OK, we'll give a run at the test on both hosts.  One thing that we'd 
really like is for the client to not have too much knowledge of the 
configuration of the cluster; so it would connect to some well-known 
host which would then make sure the queues created by the client are 
made on a host that has spare load.  I imagine that connection.redirect 
would be helpful here.  What I'm a little mystified about is that the 
clustering guide implies that rabbit already does this sort of load 
balancing -- this was why we didn't think it was necessary to run 
ScalabilityTest on multiple hosts.  But, now that I think about it, 
ScalabilityTest only opens up one connection for the entire duration of 
the test so it's not weird that said connection only points at one host.
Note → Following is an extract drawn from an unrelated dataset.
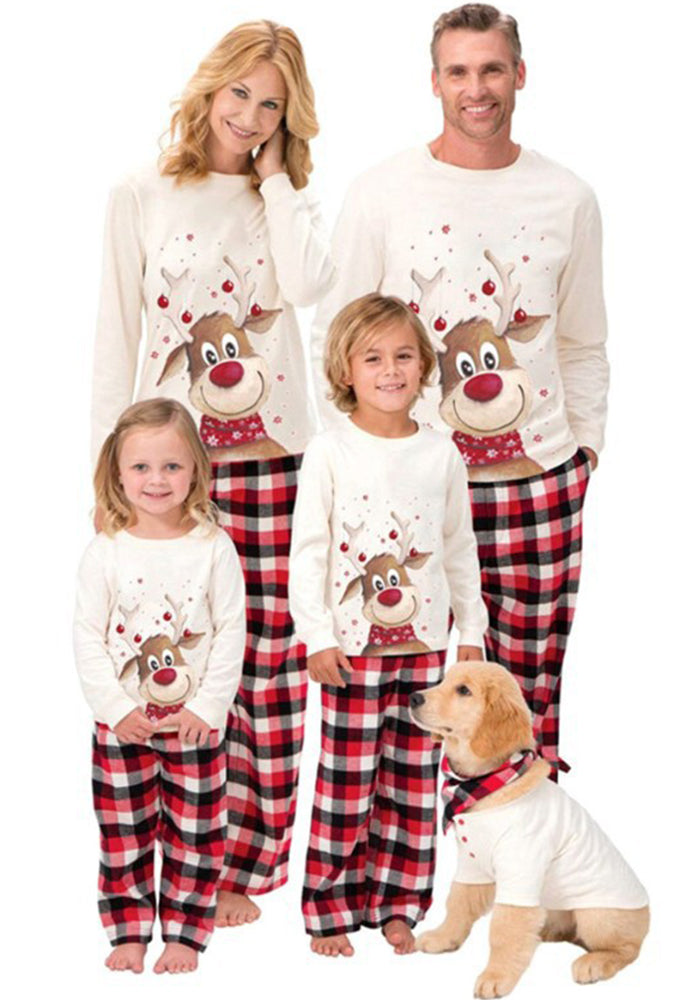 Christmas deer print Round Neck plaid home wear family wear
>> Are we doing something wrong in our setup here?  What's the maximum 
>> number of queues that has been achieved by anyone on this list, and 
>> how did you get there?
>
> I am pretty sure Ben managed to get to 100s of thousands of queues and 
> bindings in his tests on a single node.
>
>> I see that in this email: 
>> http://lists.rabbitmq.com/pipermail/rabbitmq-discuss/2008-October/002150.html 
>> , Ben Hood mentions that routing complexity is O(n), where n is the 
>> number of bindings, which doesn't bode well for our particular 
>> application.  Assuming that I'm interpreting that correctly, is there 
>> anything we can do to tackle that problem to enable huge numbers of 
>> queues?
>
> Ben was referring to topic exchanges. For direct exchanges the routing 
> cost is linear (or possibly O(n * log n)) in the number of *matching* 
> bindings. Does your application definitely require the use of topic 
> exchanges or would direct exchanges be sufficient?
>
Direct exchanges are perfectly sufficient for our use case; so that's 
wonderful news!

> Also, regarding the 20/80 million queues/bindings, would it be 
> possible to partition these s.t. rather than having a single RabbitMQ 
> cluster with that number of queues/bindings you could have n 
> individual RabbitMQ servers, each with 1/nth of the queues/bindings? 
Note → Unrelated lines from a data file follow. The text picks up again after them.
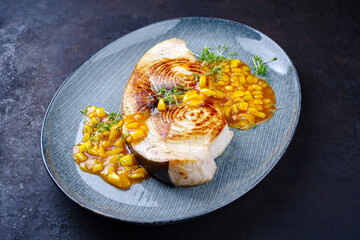 Fried swordfish steak with mango chutney and herbs served as close-up on a design plate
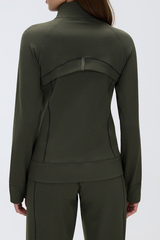 Women's Sports Set:Stand Collar Jacket And Straight Leg Pant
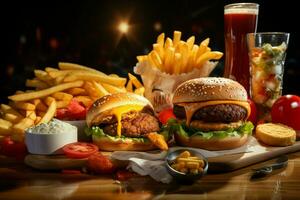 rápido comida restaurante menú. hamburguesas, francés papas fritas, Ensalada de col, pollo pepitas y ensaladas en de madera mesa. ai generado Pro foto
> That might involve your producers having to publish messages to more 
> than one broker, and consumers consuming from more than one broker, 
> but depending on the exact nature of your app that may not be too 
> arduous.
Yes, we could do this, but it kind of defeats the point of having a 
cluster if we have to partition very much manually.  To be more clear 
about our use case, we want to create a chat room system, where each 
user is a member of K rooms.  The way we're thinking of modeling this is 
that each room is represented as a (direct) routing key, and each user 
has an individual queue which is then bound to K routing keys.  There's 
not really any pattern between users and rooms, so if we partitioned the 
queues (and thus users) among clusters, any message sent to an 
individual room would have to get sent to every cluster on the (small) 
chance that a listening user was in that cluster.  It'd work for a 
while, but it can't possibly scale indefinitely.  Is there perhaps a 
better way to structure this application?